De onderzoekers stelden vast dat de Spinnenweb-protocluster een enorm reservoir van heet gas bevat met een temperatuur van enkele tientallen miljoenen graden Celsius. De massa van het hete gas dat nu is opgespoord, is duizenden malen groter dan het koude koud gas dat eerder was ontdekt. De ontdekking versterkt de verwachting dat de Spinnenweb-protocluster over ongeveer tien miljard jaar uitgegroeid is tot een zware cluster van sterrenstelsels.
Veertig jaar
De Leidse emeritus hoogleraar George Miley staat als co-auteur op de publicatie over de Spinnenwebcluster. "Meer dan veertig jaar geleden namen we de iconische cluster voor het eerst waar met de Westerbork-telescoop. Later toonde Hubble ons het spinnenwebachtige uiterlijk. En nu hebben we met ALMA het hete gas ontdekt."

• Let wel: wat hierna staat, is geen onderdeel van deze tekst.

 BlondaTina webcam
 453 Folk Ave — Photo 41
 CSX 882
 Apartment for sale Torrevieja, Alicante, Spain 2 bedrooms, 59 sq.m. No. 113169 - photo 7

Miley voegt toe: "En het is nog niet klaar. De LOFAR-telescopen speuren op dit moment de hemel af op zoek naar nog meer Spinnenwebclusterachtige objecten. Ik verwacht dat we op enig moment gaan ontdekken wanneer de eerste clusters zijn ontstaan."
Wetenschappelijk artikel
Forming intracluster gas in a galaxy protocluster at a redshift of 2.16. Door: Luca Di Mascolo et al. In: Nature, 29 maart 2023. [origineel | preprint (pdf)]

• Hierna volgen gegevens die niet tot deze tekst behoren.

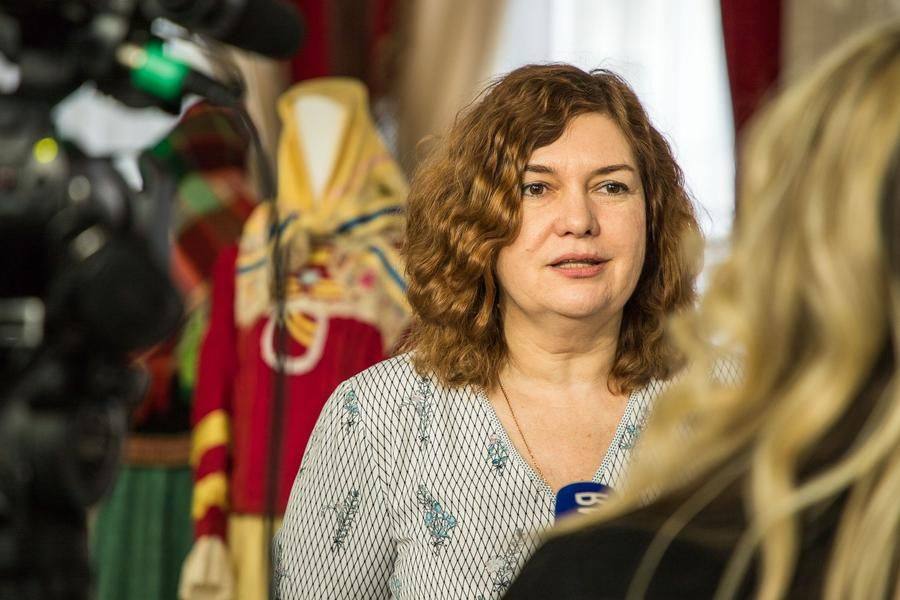 Журналистам о форуме рассказывает руководитель проекта Виктория Багринцева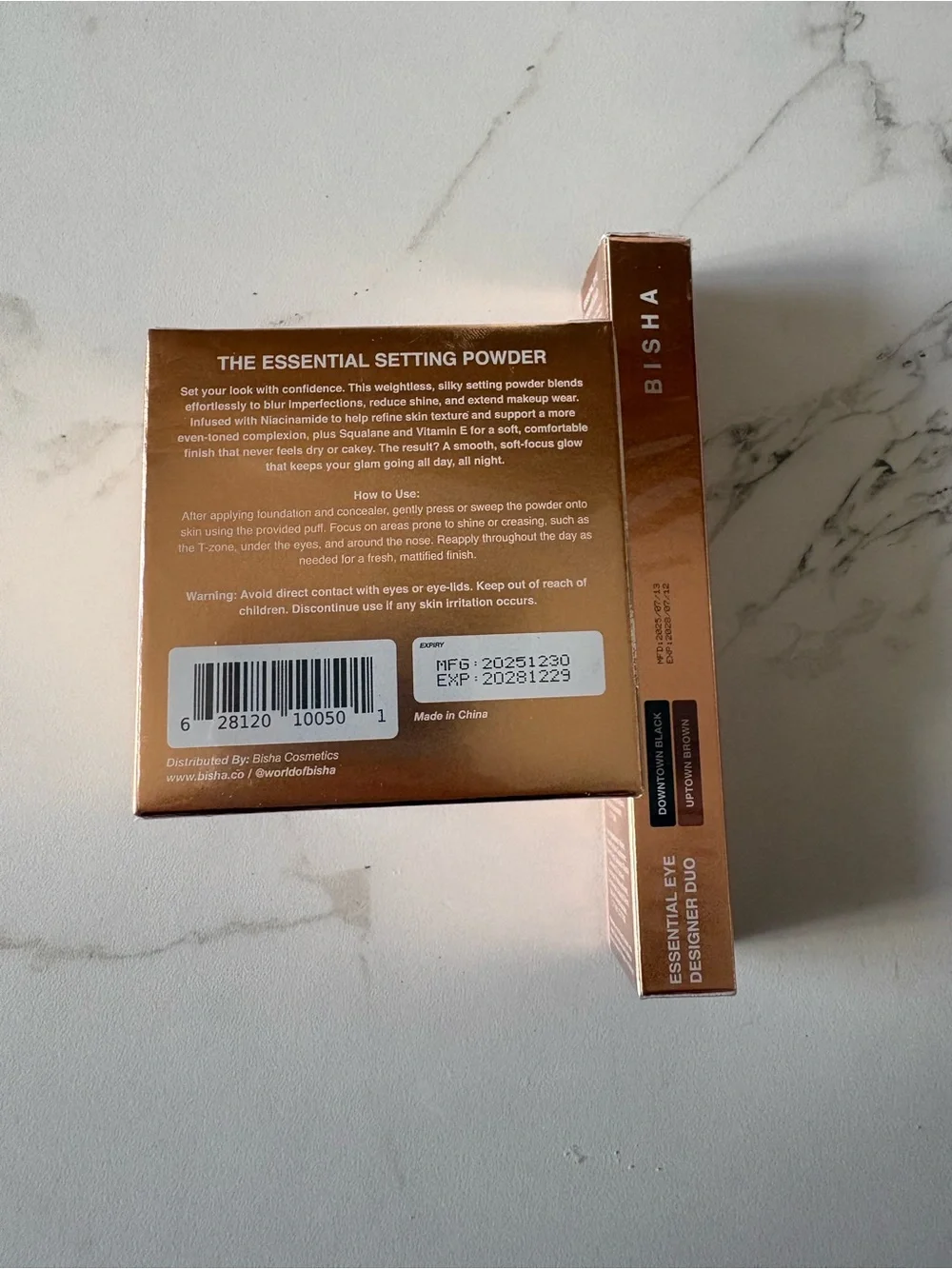 Bisha Tokyo Translucent Setting Powder with brown and black Eye Designer Duo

Deze afbeelding toont de protocluster rond het Spinnenwebstelsel (officieel bekend als MRC 1138-262), gezien op een moment dat het heelal nog maar drie miljard jaar oud was. De meeste massa in de protocluster bevindt zich niet in de sterrenstelsels die in het midden van de afbeelding te zien zijn, maar in het gas dat bekendstaat als het intraclustermedium. Dit hete gas is weergegeven als een blauwe wolk. (c) ESO/Di Mascolo et al.; HST: H. Ford [grote versie | diverse resoluties]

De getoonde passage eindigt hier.